[[ EXERCISE DATA open ]]

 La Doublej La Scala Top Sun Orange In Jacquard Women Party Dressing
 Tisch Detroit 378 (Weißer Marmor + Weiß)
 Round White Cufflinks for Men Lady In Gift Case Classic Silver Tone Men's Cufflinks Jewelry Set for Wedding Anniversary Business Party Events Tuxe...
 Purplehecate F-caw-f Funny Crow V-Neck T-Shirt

[[ EXERCISE DATA closed ]]
[[ EXERCISE DATA open ]]

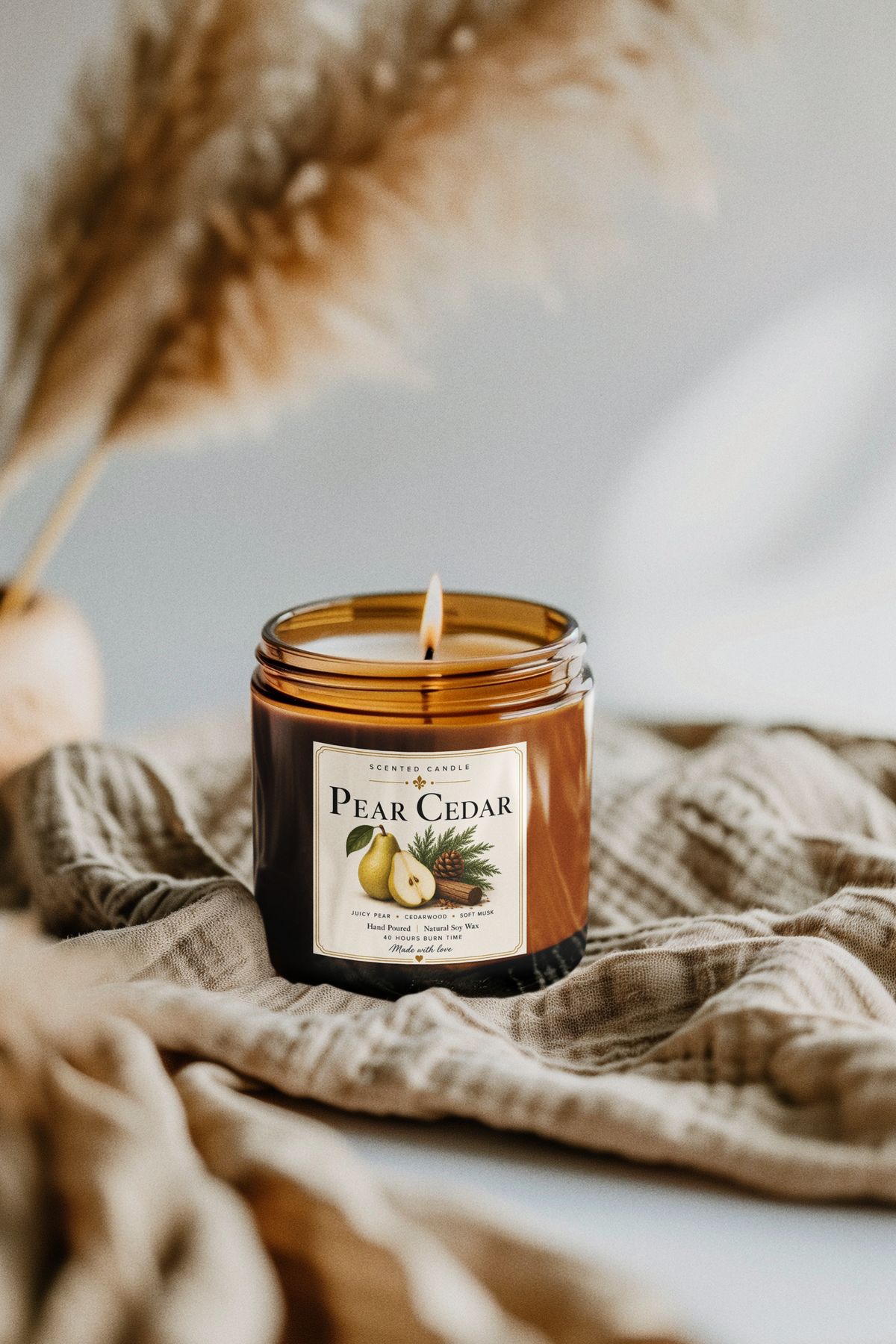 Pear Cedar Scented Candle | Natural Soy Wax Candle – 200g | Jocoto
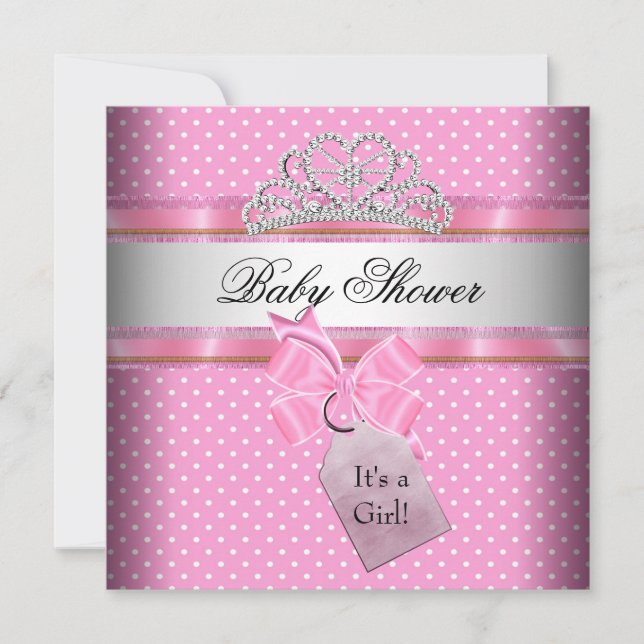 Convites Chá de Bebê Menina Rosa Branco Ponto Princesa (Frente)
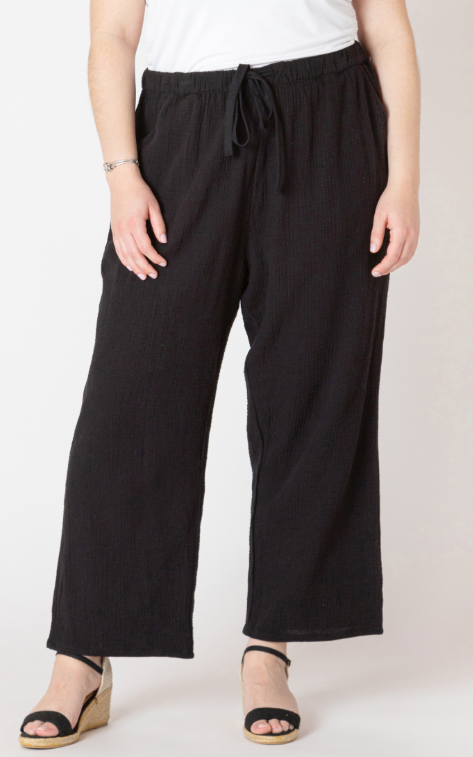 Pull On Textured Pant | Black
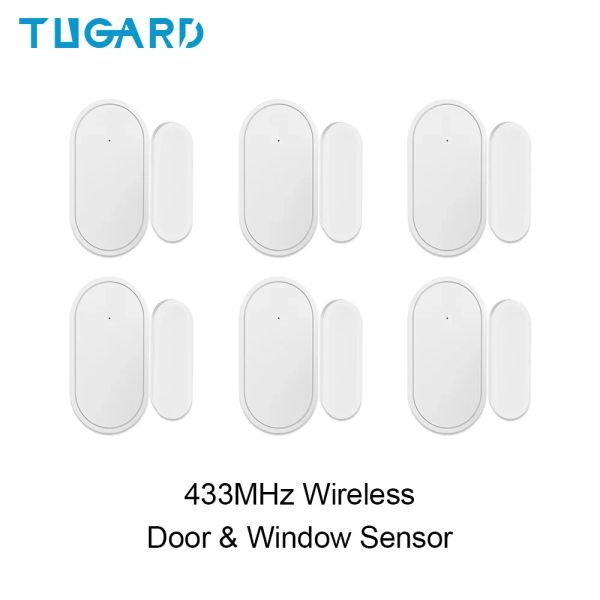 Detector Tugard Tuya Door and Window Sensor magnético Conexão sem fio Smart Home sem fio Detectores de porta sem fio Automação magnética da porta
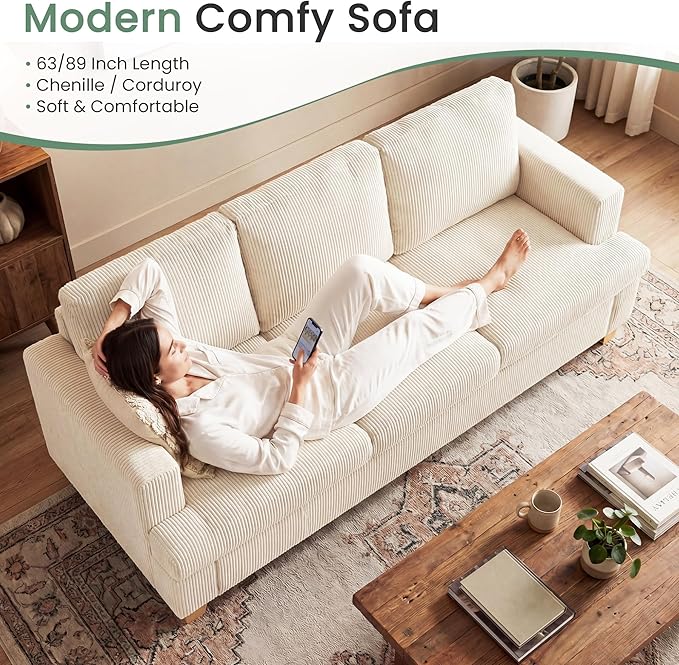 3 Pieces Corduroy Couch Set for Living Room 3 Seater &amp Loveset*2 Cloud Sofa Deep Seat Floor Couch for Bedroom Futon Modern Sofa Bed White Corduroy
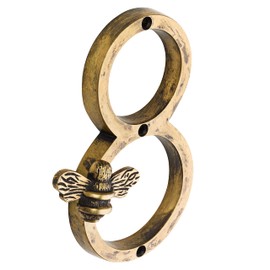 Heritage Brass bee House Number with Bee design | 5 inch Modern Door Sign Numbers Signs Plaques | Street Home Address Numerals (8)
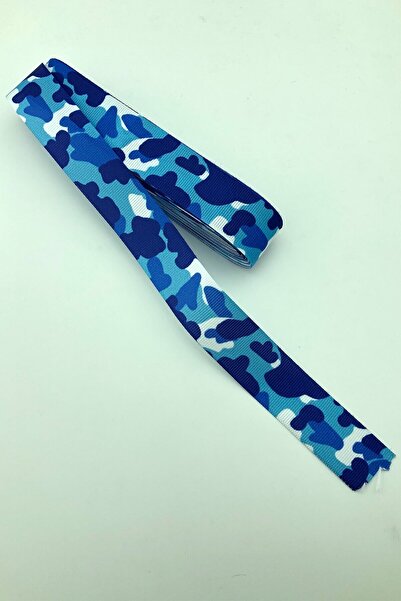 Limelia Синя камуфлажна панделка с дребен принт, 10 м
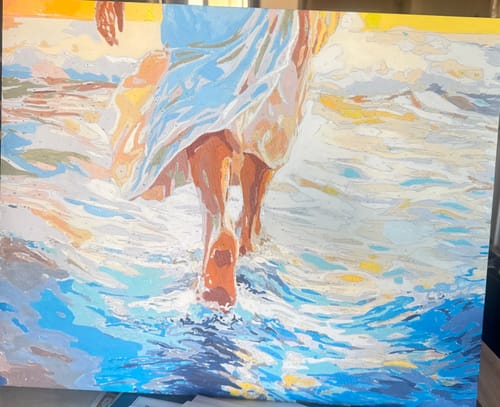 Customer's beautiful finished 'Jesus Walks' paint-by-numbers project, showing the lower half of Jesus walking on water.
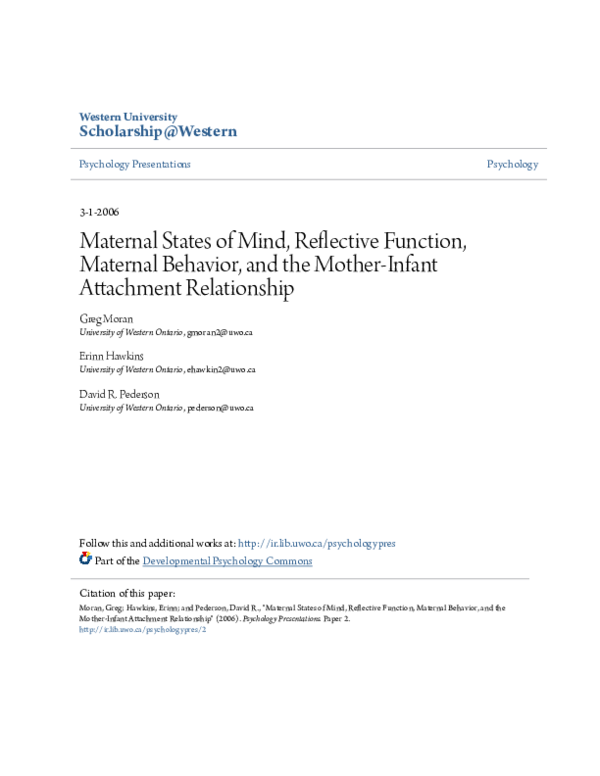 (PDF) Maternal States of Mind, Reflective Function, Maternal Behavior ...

[[ EXERCISE DATA closed ]]

Working through the entries above, copy every line in which "Party" is found.

 La Doublej La Scala Top Sun Orange In Jacquard Women Party Dressing
 Round White Cufflinks for Men Lady In Gift Case Classic Silver Tone Men's Cufflinks Jewelry Set for Wedding Anniversary Business Party Events Tuxe...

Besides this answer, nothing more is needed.